For recording and mixing down: 64-bit N-Track Studio 9 Extended used; Rubix 22 also used for mixing of microphone(s) and instruments. I use the Band in a Box/RealBand 2022 combo for music composition

Letters From Quotidia Episode 180 And Leave Him There 6

Letters From Quotidia Episode 180 And Leave Him There Part 6

Welcome to Letters From Quotidia, Episode 180. Last we knew our narrator was on the way to being the worse for wear, but he has stopped imbibing for the moment- he seems to have settled down and is reading from a volume of Romantic poets. He gazes at the wall next to the bedroom where there is a tasteful reproduction of what is said to be the most expensive map in all the world: it is Waldseemuller’s Universalis Cosmographia of 1507, the only surviving copy of 1000 original prints. The Library of Congress purchased it for $10,000,000 and it has been called “America’s birth certificate” because, for the first time, it showed the New World as a separate continent. He looks at the twelve panels that comprise the map-maker’s art in wonderment:

Any attempt to be a cartographer of the present is bound to fail; there are too many fracture-lines running in a crazy pattern. The hammer blow delivered to the ancien regime by the first great war was followed by others in quick succession; depression, global war, the atomic apocalypse, explosions of technology and population. But it all gets back to a solitary brain (that may or may not contain the mind) carried around in a body (that may or may not contain a soul). Watching newsreel footage of the masses recorded in their moments of revolution, despair, and jubilation distances you from the obvious truth- there, that face, just about to disappear behind the police horse’s flank- looked just like your son the last time you saw him as he waved a cheery good-bye…can it be twelve years already? Name, fame, the celebrity game is just so much blather. We are all used to yet another icon exposed on the breakfast news as venal or sad or pathetic- just like us really.

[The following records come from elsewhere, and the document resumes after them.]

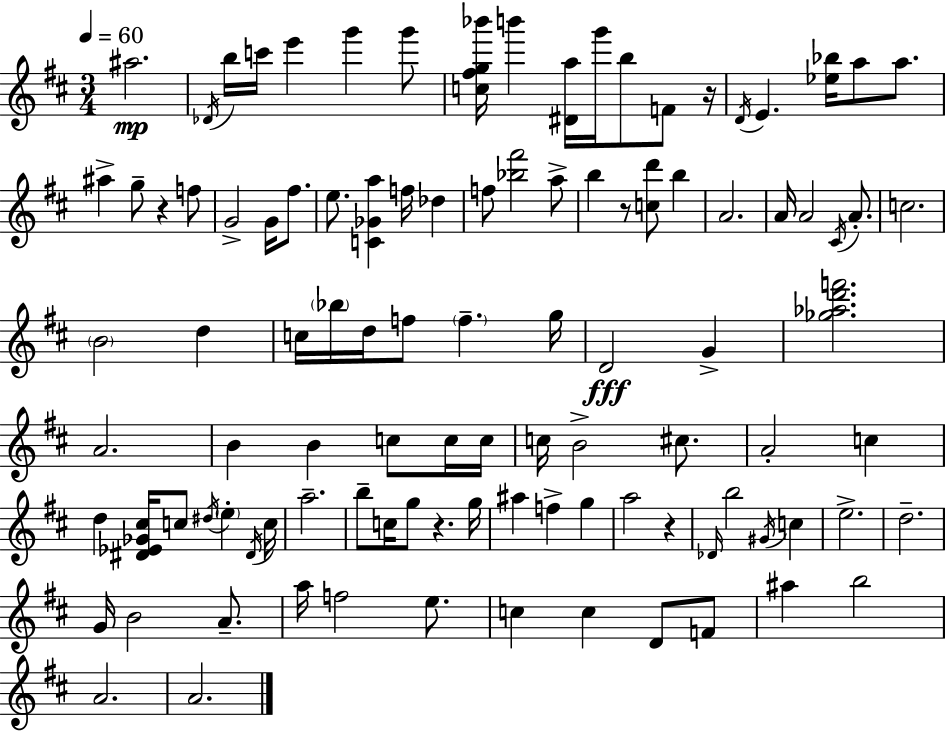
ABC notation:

X:1
T:Untitled
M:3/4
L:1/4
K:D
^a2 _D/4 b/4 c'/4 e' g' g'/2 [c^fg_b']/4 b' [^Da]/4 g'/4 b/2 F/2 z/4 D/4 E [_e_b]/4 a/2 a/2 ^a g/2 z f/2 G2 G/4 ^f/2 e/2 [C_Ga] f/4 _d f/2 [_b^f']2 a/2 b z/2 [cd']/2 b A2 A/4 A2 ^C/4 A/2 c2 B2 d c/4 _b/4 d/4 f/2 f g/4 D2 G [_g_ad'f']2 A2 B B c/2 c/4 c/4 c/4 B2 ^c/2 A2 c d [^D_E_G^c]/4 c/2 ^d/4 e ^D/4 c/4 a2 b/2 c/4 g/2 z g/4 ^a f g a2 z _D/4 b2 ^G/4 c e2 d2 G/4 B2 A/2 a/4 f2 e/2 c c D/2 F/2 ^a b2 A2 A2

I remember when the great cynic of English poetry in this- or rather, the previous, century, Philip Larkin was taken off in one of those ships with black sails. Almost before the vessel had vanished around a misty bend of the River Styx, we were breathlessly informed that the poet had a collection of what was described as repulsive pornography, and as for the content of his diaries…well! But I will always think softly of him, not because of his life or works but an anecdote concerning him. He was, as I recall, driving back towards his home in Hull along the motorway, listening to the radio and tapping his fingers on the steering wheel in time with the windshield wipers when he had to pull onto the hard shoulder, blinded by tears, because, on the radio, someone had begun reciting a sonnet by Wordsworth.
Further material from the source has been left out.